▸ WHAT TO WORK ON
Your reply is to be the lines below, exactly as written, with images omitted.

▸ MATERIAL PROVIDED
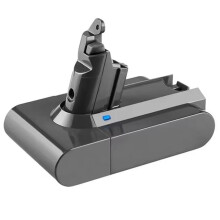 21.6V 12800mAh Replacement Battery for V6 DC58, DC62, SV03, SV04, SV06, SV05 Vacuum Cleaners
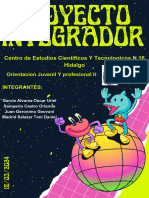 Proyecto Integrador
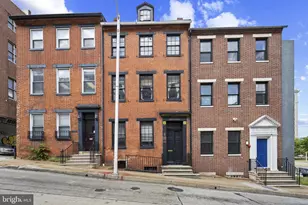 8 E Mulberry St, Baltimore, MD 21202 - Photo 1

▸ THE ANSWER
 21.6V 12800mAh Replacement Battery for V6 DC58, DC62, SV03, SV04, SV06, SV05 Vacuum Cleaners
 Proyecto Integrador
 8 E Mulberry St, Baltimore, MD 21202 - Photo 1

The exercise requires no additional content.